Just how do you set about adapting a 653 page novel into a three hour play, with interval? Mike Poulton describes it as "taking apart a Rolls Royce engine and reassembling the parts into a light aircraft." You don't get Mantel's voice, that tone that she described to us here on the History Girls as "something between first and third person," but you do get some of the flavour of her personal touches, through the inclusion of details like Ambassador Chapuys' fantastical Christmas hat, rendered suddenly inappropriate at court through the news of old Queen Katherine's death.
You don't see Cromwell's daughters, snatched away by illness, but they are there in reference and in the cracking of Miles's voice when he reads the name of Anne Cromwell, written in his late wife's prayer book. We do see Lizzie Cromwell, played by Olivia Darnley, who is also - amazingly - Mary Boleyn, and we get a strong sense of Cromwell's family life, as we do in the books.
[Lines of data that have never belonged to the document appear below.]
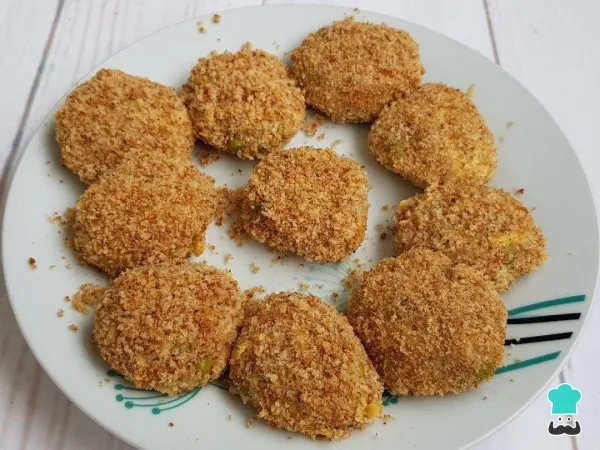 Receita de Bolinho de couve flor vegano - Passo 7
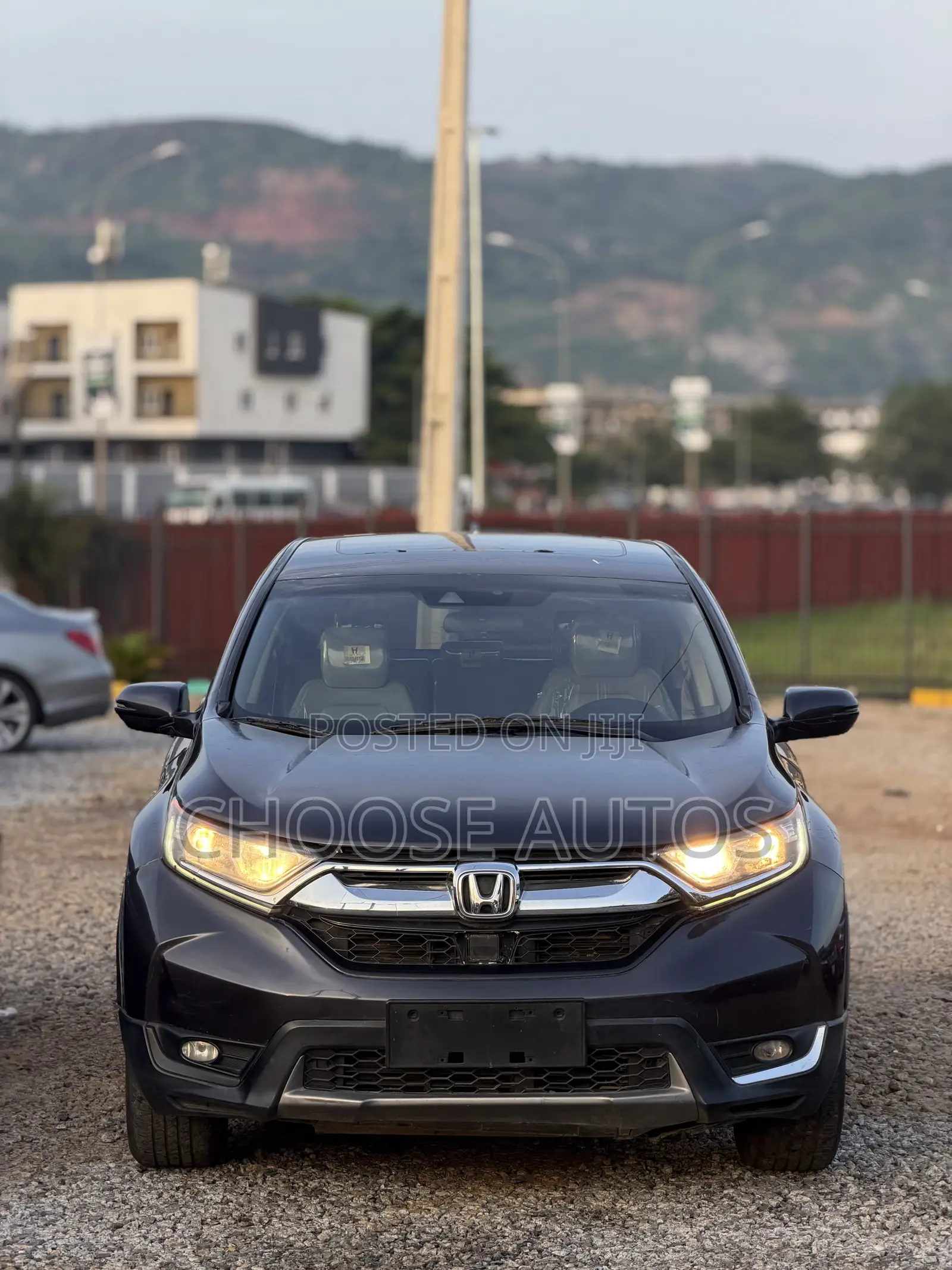 Honda CR-V 2019 Black
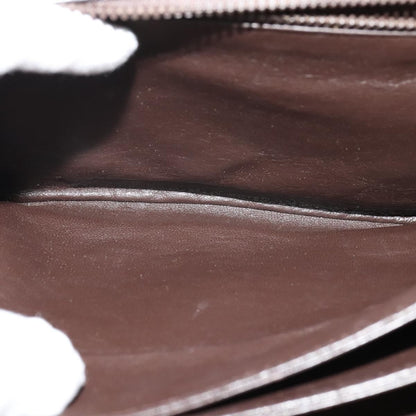 Bally Vintage Shoulder Bag Leather, BROWN, LEATHER, Shoulder bag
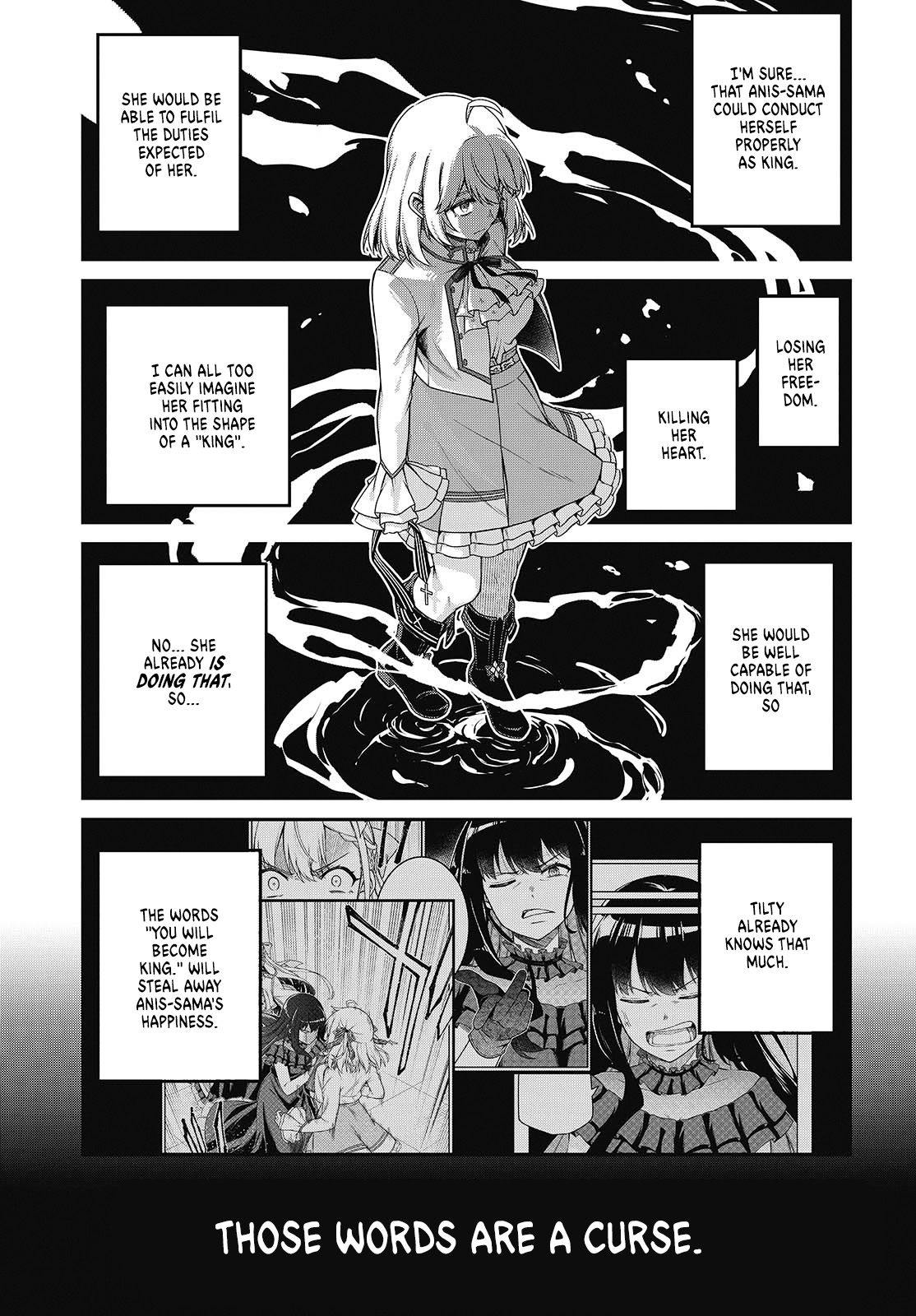 The Magical Revolution Of The Reincarnated Princess And The Genius Young Lady - Chapter 38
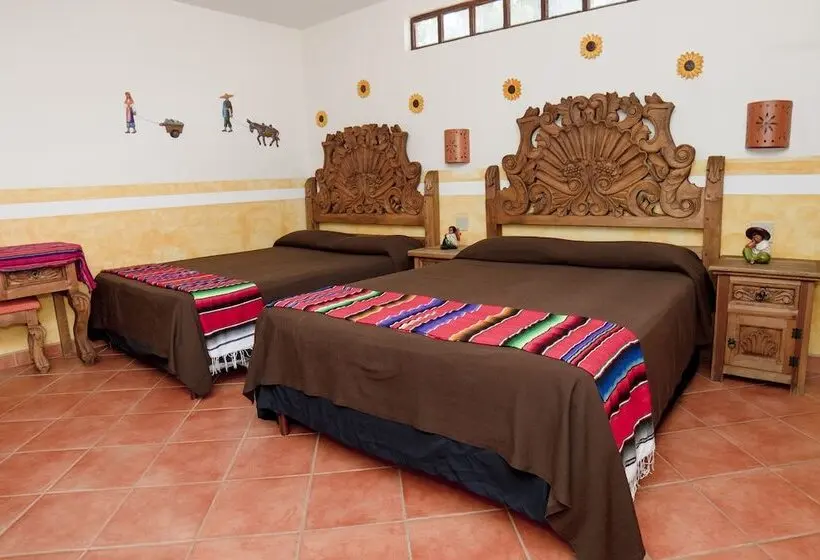スーペリアールーム, Hacienda Los Algodones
|Photo by Francesco Guidicini|
Only at one point, in Bring up the Bodies, in the scene where Cromwell makes his pact with the Dukes of Suffolk and Norfolk to bring about Anne's downfall, did I feel a lack of sympathy with the main character. And I didn't feel that in the book so maybe there was there a slight loss of nuance.
It apparently took Mike Poulton nine drafts to come up with this masterly transfer from page to stage. You don't sense the effort behind it. He says that members of the audience will miss some favourite scenes and that for me included the peacock-feather Angel wings and the huge Christmas star that so terrified Mark Smeaton when he was shut up with them in Cromwell's house. But the drama worked fine without them and that is the main thing.
The roles of Cromwell's clerk Rafe Sadler and his friend's son, the poet Thomas Wyatt are enlarged to give more opportunity for confidences and a sense of whom Cromwell trusts. And who could have guessed that mousy little Jane Seymour, played by Leah Brotherhead, could be so interesting and savvy? Well, anyone who had read the books, I suppose.
|Ben Miles with Paul Jesson as Cardinal Wolsey|
What you see is the story arc of the rises and falls of reputations and the fatal consequences when Fortune's wheel spins the characters down to the bottom-most part of their circulation. First Cromwell, then Anne Boleyn and of course, when the third book, The Mirror and the Light, comes out (we hope) next year, the whole pattern will be repeated with Cromwell himself. And that must surely be staged as well, completing his remarkable trajectory from blacksmith's boy to Earl of Essex and the most powerful man in England after the king.
After the king. That is the point. We see how Henry can turn on a sixpence (?a groat) when angered by Ambassador Chapuys. He rounds on Cromwell and the blacksmith's boy nearly wallops his monarch. As Henry's reign progresses, we know he will deteriorate into even more fits of temper and irrationality: Cromwell's fate is already written in the stars if not yet on the page.
This is a fine and subtle adaptation. I particularly admired the way in which we saw only the rehearsal for Anne's execution, not the bloody act itself. Almost every choice is the un-obvious, the rejection of sensationalism and horror in this most violent of love stories.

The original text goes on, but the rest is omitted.